_ASSIGNED TASK_: The entries that follow include a run beginning at the line with "Šviestuvas v/t LED" and ending at the line with "Asian Beef With Snow Peas 94"; restate that run word for word and leave the rest out.

Records contained in a dataset:
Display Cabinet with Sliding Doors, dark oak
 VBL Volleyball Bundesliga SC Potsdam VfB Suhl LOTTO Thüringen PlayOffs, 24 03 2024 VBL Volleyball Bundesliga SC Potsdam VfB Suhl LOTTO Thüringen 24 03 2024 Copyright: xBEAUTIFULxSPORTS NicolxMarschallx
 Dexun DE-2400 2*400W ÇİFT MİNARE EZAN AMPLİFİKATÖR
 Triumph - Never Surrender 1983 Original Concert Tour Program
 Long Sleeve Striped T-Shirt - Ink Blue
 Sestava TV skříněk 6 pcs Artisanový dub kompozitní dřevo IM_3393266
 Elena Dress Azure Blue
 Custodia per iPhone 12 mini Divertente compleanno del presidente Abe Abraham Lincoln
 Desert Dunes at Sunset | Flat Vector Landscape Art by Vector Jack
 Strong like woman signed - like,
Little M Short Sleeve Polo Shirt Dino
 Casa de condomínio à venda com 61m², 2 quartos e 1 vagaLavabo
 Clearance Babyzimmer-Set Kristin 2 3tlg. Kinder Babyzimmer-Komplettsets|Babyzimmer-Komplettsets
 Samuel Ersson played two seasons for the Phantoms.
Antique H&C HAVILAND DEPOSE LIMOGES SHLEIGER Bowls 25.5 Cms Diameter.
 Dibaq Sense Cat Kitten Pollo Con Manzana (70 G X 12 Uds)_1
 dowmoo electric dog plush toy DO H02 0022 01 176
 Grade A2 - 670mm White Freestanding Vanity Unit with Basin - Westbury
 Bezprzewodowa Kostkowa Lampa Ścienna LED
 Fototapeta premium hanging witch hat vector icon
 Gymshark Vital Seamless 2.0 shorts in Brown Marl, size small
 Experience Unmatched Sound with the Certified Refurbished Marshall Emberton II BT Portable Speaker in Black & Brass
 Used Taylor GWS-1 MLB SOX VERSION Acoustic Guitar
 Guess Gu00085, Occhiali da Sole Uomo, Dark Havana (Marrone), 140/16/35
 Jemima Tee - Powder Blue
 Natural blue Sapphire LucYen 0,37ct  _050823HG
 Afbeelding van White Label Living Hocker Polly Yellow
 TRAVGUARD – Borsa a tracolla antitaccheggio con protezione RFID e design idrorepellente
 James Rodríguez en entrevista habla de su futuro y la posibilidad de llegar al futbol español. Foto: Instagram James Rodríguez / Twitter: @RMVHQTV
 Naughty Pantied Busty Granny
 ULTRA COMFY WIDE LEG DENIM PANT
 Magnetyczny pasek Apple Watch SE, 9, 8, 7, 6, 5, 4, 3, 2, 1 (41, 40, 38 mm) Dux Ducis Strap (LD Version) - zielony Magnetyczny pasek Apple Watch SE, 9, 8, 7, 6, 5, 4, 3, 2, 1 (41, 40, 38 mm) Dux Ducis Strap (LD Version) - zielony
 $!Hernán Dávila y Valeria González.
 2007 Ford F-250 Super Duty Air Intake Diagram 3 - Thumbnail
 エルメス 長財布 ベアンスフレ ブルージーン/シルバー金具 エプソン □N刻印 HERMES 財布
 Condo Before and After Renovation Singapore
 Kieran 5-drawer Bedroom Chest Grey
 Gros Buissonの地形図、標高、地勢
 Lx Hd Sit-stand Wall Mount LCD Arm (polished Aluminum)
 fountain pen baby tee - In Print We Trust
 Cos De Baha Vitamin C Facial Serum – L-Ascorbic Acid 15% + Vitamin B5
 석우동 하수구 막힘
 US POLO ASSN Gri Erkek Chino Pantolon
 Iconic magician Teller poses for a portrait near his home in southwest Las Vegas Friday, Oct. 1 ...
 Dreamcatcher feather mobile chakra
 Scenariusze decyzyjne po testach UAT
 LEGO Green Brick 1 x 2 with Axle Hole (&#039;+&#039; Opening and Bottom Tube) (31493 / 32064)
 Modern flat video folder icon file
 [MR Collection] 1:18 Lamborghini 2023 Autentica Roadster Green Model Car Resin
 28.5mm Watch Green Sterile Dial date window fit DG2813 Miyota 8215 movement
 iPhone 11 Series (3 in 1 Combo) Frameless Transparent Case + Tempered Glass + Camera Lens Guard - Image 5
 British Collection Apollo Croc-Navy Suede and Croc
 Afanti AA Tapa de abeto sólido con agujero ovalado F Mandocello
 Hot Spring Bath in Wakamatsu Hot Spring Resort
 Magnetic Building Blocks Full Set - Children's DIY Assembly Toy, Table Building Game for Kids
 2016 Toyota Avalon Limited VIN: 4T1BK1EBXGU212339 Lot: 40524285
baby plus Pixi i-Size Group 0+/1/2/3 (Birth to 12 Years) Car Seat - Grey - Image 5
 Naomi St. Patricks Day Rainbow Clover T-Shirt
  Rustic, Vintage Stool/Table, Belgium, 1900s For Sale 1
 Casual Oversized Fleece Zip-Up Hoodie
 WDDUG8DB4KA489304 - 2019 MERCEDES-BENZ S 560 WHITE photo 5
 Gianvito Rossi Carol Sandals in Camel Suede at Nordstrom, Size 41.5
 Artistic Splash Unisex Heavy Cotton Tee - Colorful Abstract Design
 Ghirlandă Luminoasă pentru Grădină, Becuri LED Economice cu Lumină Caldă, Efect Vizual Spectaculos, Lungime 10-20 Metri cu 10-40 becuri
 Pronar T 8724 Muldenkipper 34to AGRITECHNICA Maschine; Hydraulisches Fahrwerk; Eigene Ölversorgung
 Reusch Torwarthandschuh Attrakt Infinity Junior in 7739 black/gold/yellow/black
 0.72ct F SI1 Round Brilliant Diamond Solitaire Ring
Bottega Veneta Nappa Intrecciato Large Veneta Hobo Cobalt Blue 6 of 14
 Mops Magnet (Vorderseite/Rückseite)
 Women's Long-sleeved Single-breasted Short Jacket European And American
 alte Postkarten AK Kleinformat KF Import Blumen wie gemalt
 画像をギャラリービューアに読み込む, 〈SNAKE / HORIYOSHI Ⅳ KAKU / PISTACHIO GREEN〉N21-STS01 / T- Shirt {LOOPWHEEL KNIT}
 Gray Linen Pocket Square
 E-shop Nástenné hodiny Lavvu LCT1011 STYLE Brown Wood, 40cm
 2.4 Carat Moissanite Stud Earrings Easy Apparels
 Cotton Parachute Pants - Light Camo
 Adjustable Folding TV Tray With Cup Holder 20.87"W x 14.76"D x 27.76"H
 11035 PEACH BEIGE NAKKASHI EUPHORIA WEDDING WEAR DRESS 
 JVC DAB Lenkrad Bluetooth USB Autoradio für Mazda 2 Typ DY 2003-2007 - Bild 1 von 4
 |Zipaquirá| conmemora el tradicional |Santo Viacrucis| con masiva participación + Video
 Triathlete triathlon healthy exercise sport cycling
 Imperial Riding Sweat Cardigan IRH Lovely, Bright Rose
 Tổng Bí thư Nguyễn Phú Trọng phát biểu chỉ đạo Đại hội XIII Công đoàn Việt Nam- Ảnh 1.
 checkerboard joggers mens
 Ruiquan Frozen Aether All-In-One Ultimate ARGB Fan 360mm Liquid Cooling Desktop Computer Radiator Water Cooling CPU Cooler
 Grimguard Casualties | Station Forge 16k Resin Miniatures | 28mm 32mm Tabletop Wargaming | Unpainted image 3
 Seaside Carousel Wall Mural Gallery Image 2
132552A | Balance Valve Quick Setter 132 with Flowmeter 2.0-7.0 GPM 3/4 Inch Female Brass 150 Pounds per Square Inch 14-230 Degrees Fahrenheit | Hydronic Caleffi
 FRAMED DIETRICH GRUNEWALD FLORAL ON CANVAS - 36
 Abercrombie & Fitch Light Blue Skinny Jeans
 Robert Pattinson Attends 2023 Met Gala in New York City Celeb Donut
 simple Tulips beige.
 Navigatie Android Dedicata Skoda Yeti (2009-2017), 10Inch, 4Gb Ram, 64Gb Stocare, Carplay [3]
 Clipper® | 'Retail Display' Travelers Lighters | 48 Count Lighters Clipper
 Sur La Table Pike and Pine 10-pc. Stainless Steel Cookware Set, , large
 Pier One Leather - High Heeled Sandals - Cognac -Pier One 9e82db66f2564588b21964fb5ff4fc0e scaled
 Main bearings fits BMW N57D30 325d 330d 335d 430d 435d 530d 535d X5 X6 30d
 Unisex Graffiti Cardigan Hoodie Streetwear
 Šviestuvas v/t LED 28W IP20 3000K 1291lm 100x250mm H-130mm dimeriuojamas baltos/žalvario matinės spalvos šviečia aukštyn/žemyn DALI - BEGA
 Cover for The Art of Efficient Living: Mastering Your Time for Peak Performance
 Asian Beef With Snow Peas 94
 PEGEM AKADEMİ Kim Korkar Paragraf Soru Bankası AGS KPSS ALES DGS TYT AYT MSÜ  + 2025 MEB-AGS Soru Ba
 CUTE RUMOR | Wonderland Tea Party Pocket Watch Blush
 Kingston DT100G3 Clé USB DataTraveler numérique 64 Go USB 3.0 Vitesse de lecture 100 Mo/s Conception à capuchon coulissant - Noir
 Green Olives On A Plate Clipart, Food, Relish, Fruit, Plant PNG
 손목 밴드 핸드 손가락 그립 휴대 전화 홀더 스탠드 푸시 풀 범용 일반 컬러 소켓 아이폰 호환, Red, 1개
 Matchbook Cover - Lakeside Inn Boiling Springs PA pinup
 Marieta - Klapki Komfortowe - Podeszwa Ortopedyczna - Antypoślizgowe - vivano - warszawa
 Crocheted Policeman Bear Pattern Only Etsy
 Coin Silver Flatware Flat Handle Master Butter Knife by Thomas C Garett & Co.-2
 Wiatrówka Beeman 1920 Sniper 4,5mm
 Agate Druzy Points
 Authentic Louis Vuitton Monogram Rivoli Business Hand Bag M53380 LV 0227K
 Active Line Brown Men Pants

_RESPONSE TO THE TASK_:
 Šviestuvas v/t LED 28W IP20 3000K 1291lm 100x250mm H-130mm dimeriuojamas baltos/žalvario matinės spalvos šviečia aukštyn/žemyn DALI - BEGA
 Cover for The Art of Efficient Living: Mastering Your Time for Peak Performance
 Asian Beef With Snow Peas 94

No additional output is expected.